What would have been a gala year for Boeing commercial aircraft deliveries has turned sour as undelivered Boeing 737 MAX jets sit idle at sites around the US, including the plane-maker’s car parking lot.
The US manufacturer reported Tuesday that deliveries fell by a more than a third in the first half of 2019 to 239 planes as the MAX crisis continued to bite.
That compares to 379 aircraft delivered in the corresponding period last year and 389 delivered by rival Airbus in the first half of 2019.
The figures show Boeing delivered just 24 737s in the second quarter to bring the first-half total to 113.
Also delivered during the first six months of 2019 were four 747s, 22 767s, 22 777s and 78 787s.
The MAX has been grounded since March after two fatal crashes in less than five months killed 346 people.

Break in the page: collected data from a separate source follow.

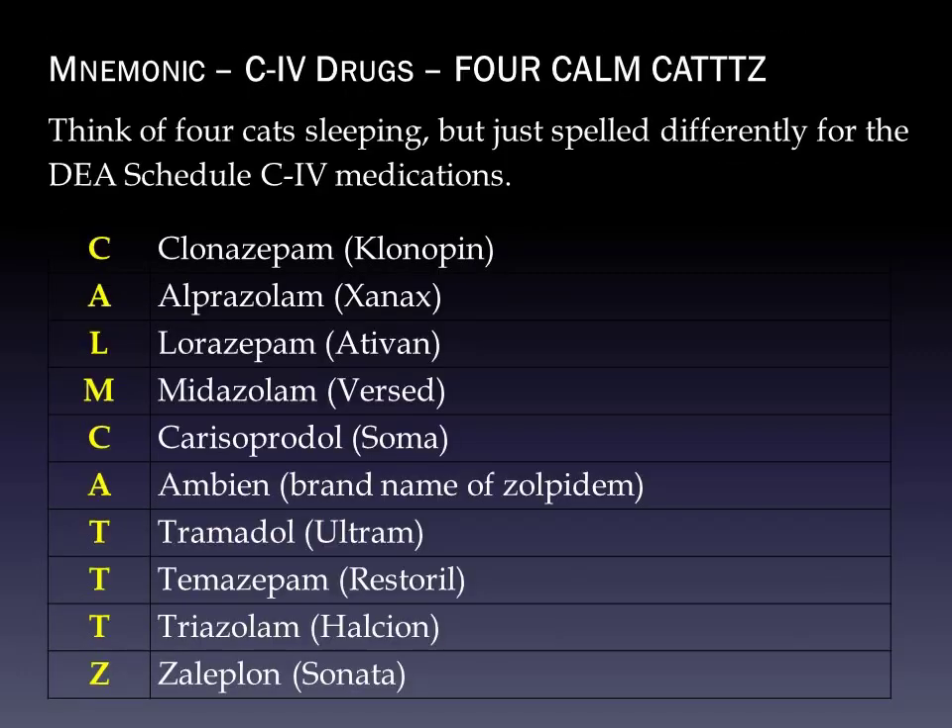Schedule IV drugs have a lot of medications, and the majority are benzodiazepines with the -azepam or -azolam ending — that may be one of the easier ways to remember them. The mnemonic for C4 drugs is 'Four Calm Cats,' spelled C-A-L-M C-A-T-T-T-Z. Think of four cats sleeping. C is clonazepam (brand Klonopin). A is alprazolam (brand Xanax). L is lorazepam (brand Ativan). M is midazolam (brand Versed). Notice the -azepam and -azolam endings from benzodiazepine.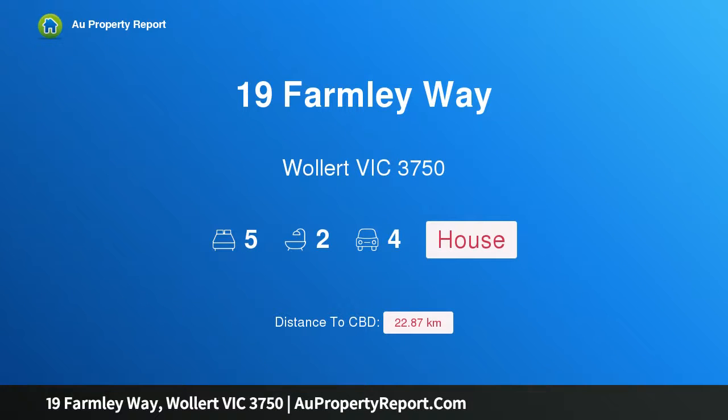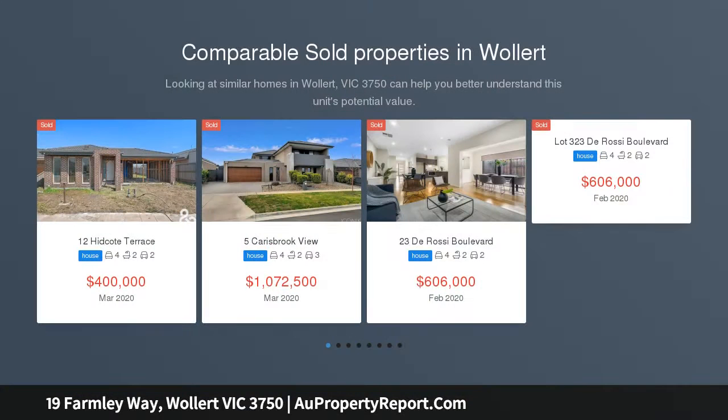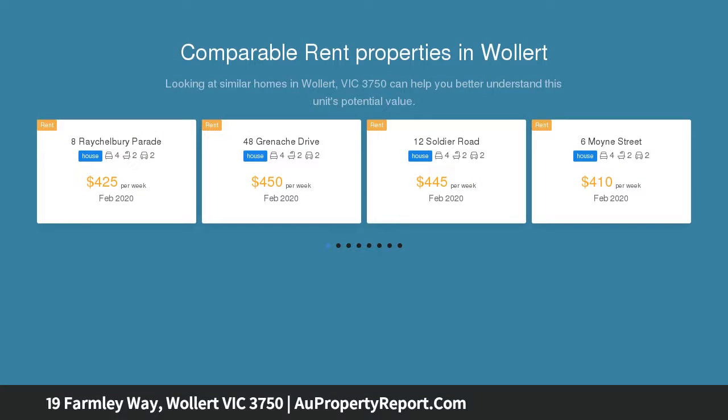Welcome to 19 Family Way, Wallan Victoria 3750, designed for growing families. This 38 square, low-maintenance home offers an outstanding opportunity in a convenient location.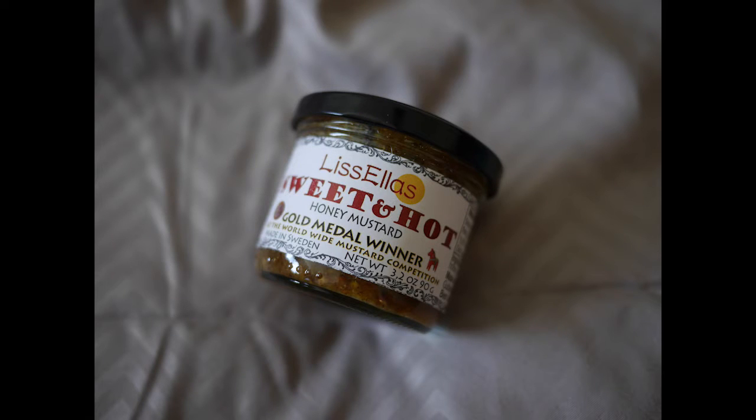We have Liss Ellis Sweet and Hot Mustard. Growing up, my dad would always buy these mustard packs from this boy's home that was in our area, so we'd have like nine different kinds of mustard growing up. We were the condiment kings, so you would probably love this.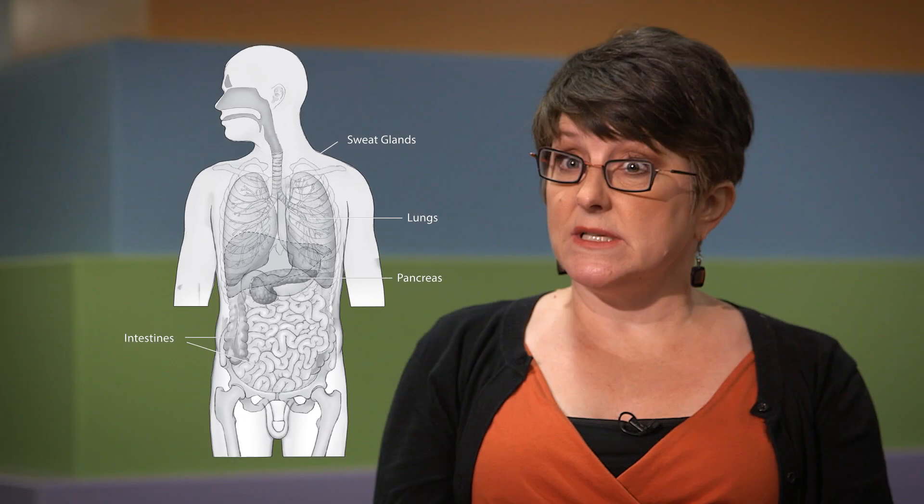The body part we think about most often is the lungs. People tend to have a chronic cough. They can actually make enough mucus that they'll cough it up. They can wheeze. They can have difficulty breathing. And they grow germs in their lungs that the rest of us tend not to have.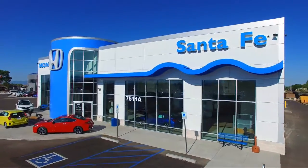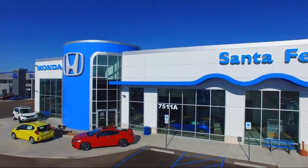Welcome to Honda of Santa Fe, and here's a look at another one of our fine vehicles from our great selection.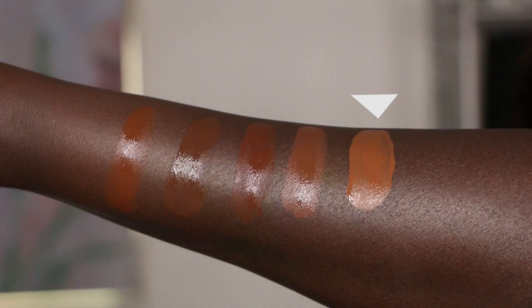I'm going to jump straight into swatches now. This one right here is the Giorgio Armani, this one is the Danessa Myricks, then I've got the Urban Decay, this is the Lancôme, and then this shade right here is the LA Girl. You guys can see how the Giorgio Armani foundation could have definitely gone very, very wrong if it was not that light to medium coverage.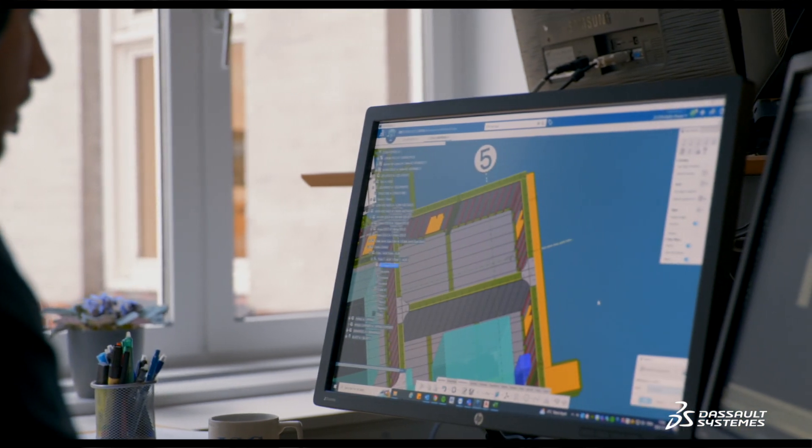We combine all elements together in one single model and then try to optimize, and the 3DEXPERIENCE platform gives us a huge benefit because we can find the best solution in a short time.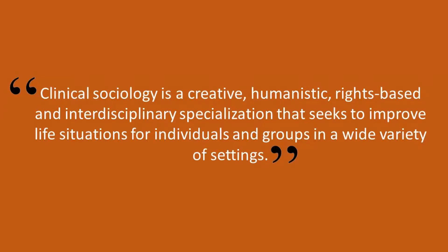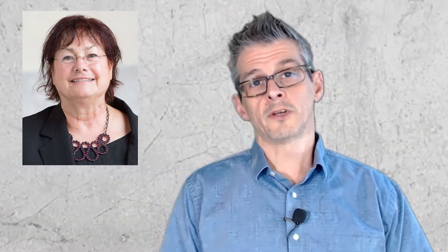So let's take a look. Here's a definition of clinical sociology: clinical sociology is a creative, humanistic, rights-based, and interdisciplinary specialization that seeks to improve life situations for individuals and groups in a wide variety of settings. Additionally, we can look to the work of Dr. Jan Fritz, one of the preeminent voices of clinical sociology, for the additional description: clinical sociologists work with client systems — individuals or groups assisted by a clinical sociologist or an intervention team — to assess situations and avoid, reduce, or solve problems through a combination of analysis and intervention.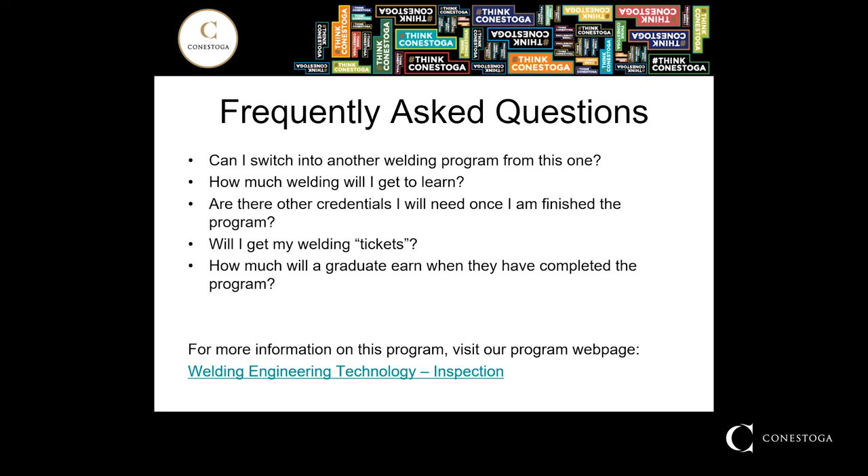Are there other credentials I need once I finish the program? This really depends on which avenue a student would like to pursue. If the goal is to become an inspector, then yes — there are additional courses or programs required in order to become a certified inspector. Conestoga College is not a certifying body for some of those inspection techniques. However, in the third year of the program, inspection students do have an opportunity to take a course directly related to challenging the level-one visual inspection requirements from the CWB. Past that, there is level two, level three, and so on, as well as various other inspection methods that can be pursued. The core program at Conestoga is to set students up for success in gaining those additional credentials.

There is still no public timeframe for returning the planes to the air and even when that green light is given some analysts are predicting it will take more than a year to clear the backlog.
Boeing is still building 737s but slowed production to 42 a month in the wake of the grounding and there is speculation another cut could be in the pipeline.
There were no new orders for the MAX in June, marking the third consecutive month where that was the case.
A more upbeat and expansive Airbus revealed it had delivered in the first half of 2019 315 single-aisle planes, a category which now includes the A220, as well as 17 A330s, 53 A350s and four A380 superjumbos.
Fifty-four A320 family aircraft were delivered in June in both the neo and ceo versions along with six A220s.
“Wide-body deliveries during the month were led by the A350 XWB, with a total of 10 aircraft provided in both the A350-900 and A350-1000 versions,” Airbus said
“Notable handovers involved the initial A350 XWBs for China Southern Airlines and Japan Airlines – both receiving A350-900s.
“Completing the wide-body activity in June were deliveries of five A330neo aircraft and one A380.”
Airbus launched the A321XLR at the Paris Air Show in June with bookings standing at 44 aircraft by June 30 and entry into service targeted for 2023.
Described by the company as the “next evolutionary step” for the A320 series, the aircraft is expected to provide 30 percent lower fuel burn per seat than previous-generation competitor aircraft and a range of up to 4,700 nautical miles.
There were also 86 bookings for other jetliners from the A320neo family and 15 A220 orders.
Taking the latest orders and deliveries into account, Airbus’ backlog of jetliners remaining to be delivered stood at 7,276 aircraft as of June 30.
This included 5,871 single-aisle A320 family jetliners and 473 A220s.